In der ersten Show spielte Jens Jahnke, der an diesem Abend Premiere hatte. Er konnte mich leider weder gesanglich noch schauspielerisch vollkommen überzeugen, vielleicht lag es aber ja auch daran, dass er diese Rolle zum ersten Mal darbot.

In der dritten Show erlebte ich die Premiere von Werner Bauer als Abahachi und ich muss sagen, er hat mich vollkommen überzeugt. Er ist ein würdiger Ersatz für Mathias Schlung, sein bayrischer Slang kam sehr gut rüber.

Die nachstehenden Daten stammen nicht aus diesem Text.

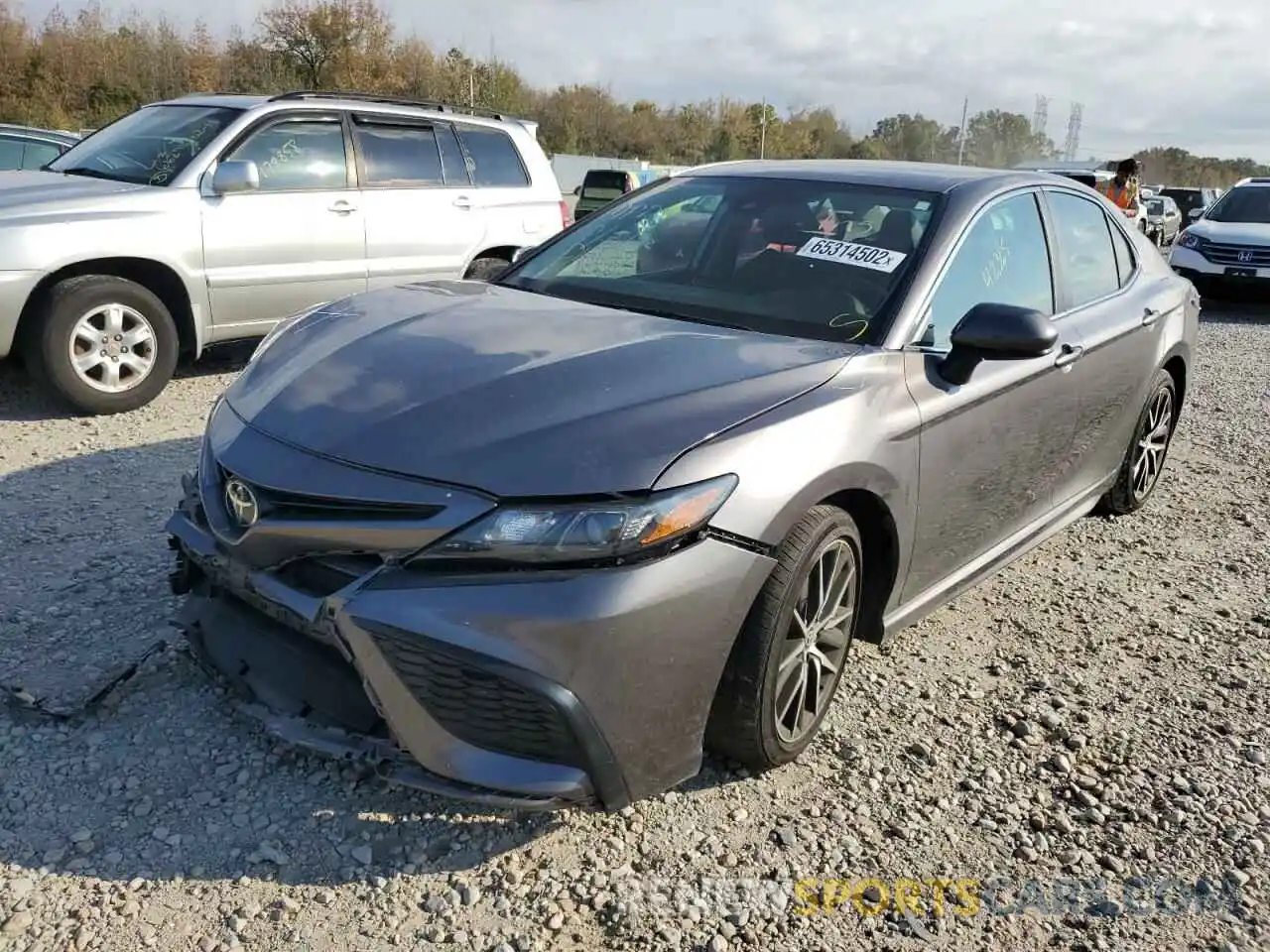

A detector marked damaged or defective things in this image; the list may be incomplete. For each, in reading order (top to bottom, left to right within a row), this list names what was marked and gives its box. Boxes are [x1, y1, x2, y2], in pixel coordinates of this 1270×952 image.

cracked front bumper [167, 460, 774, 809]
crushed hood [223, 282, 857, 498]
damaged gray sedan [169, 162, 1199, 809]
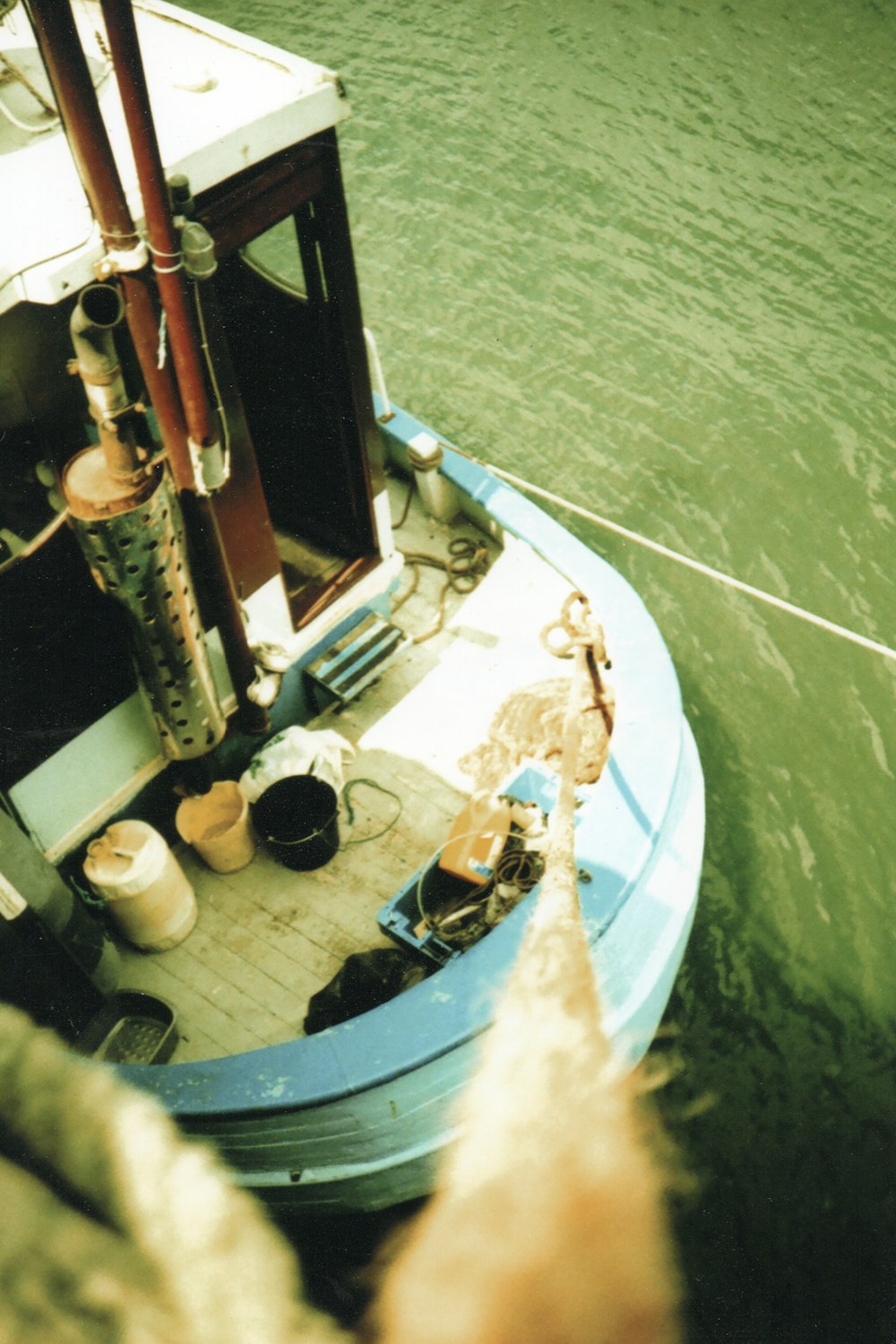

Als Idealbesetzung für die Rolle des Abahachi kommt für mich nur Mathias Schlung in Frage, den ich in der zweiten Show sehen konnte. Er sieht Bully Herbig zum Verwechseln ähnlich, sein verschmitztes Lächeln, genauso die Größe, es passt einfach alles. Gesanglich und schauspielerisch war er spitze, vor allem das harmonische Zusammenspiel mit Mark Seibert fällt sofort ins Auge, die beiden sind einfach ein Dreamteam. Im Zusammenspiel mit der Zweitbesetzung Ranger, Claus Biechele; hat er mir auch gut gefallen. Etwas schrill ist die Szene, wo Mathias quasi seinen auferstandenen Opa spielt und den Song “Glaub an Dich” zum Besten gibt, da ist Rock’n’Roll angesagt…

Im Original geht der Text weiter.